Holy Smokes
Maxim|March - April 2021
How to age, store and collect the world's finest cigars
By Duncan Quinn

Many of us know that the very finest wines in the world are best tasted after appropriate aging in proper conditions. But rather fewer understand that this is also true of premium cigars. And as with fine wine, the components of a premium cigar often improve with age. Bold, powerful flavors mellow, imparting a more complex, fuller, experience. So if you’re not already collecting and aging your smokes, here are some things to consider as you build a cellar worthy of Zino Davidoff.

I can attest to the magnificence of aging firsthand after having been lucky enough to receive a package of pre-Castro Cubans that had been biding their time in a friend’s father’s humidor for over 50 years. Like a beautiful velvety, claret from a Grand Cru Classé, the smoothness on the palate and rich, warm flavors and aromas are what I remember most. Similar to the first Château Margaux 1982 I experienced some time in the early 2000s.

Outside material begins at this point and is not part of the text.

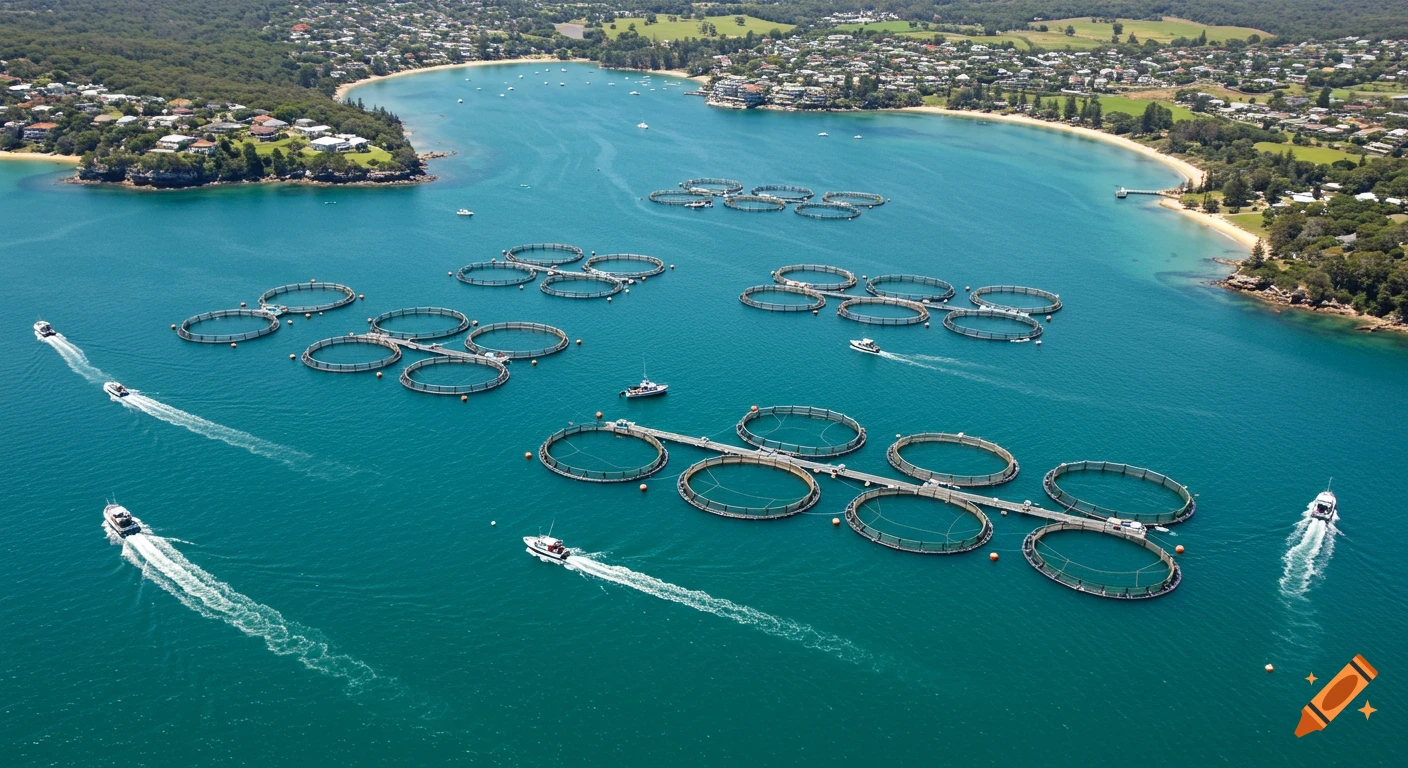 Aerial view of fish farms and boats in a bay near a town and coastline.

The feeling these aged cigars gave transported my mind’s eye to an image of myself ensconced in a well-worn cognac-leather armchair in a beautifully-adorned, high-ceilinged gentleman’s club, surrounded by leather Chesterfields, thick velvet curtains, and a roaring fire. Like a scene from a Jules Verne novel writ large. Sitting there puffing away with an enormous grin on my face, ecstatic with my Cuban companion and the transportive effect it created.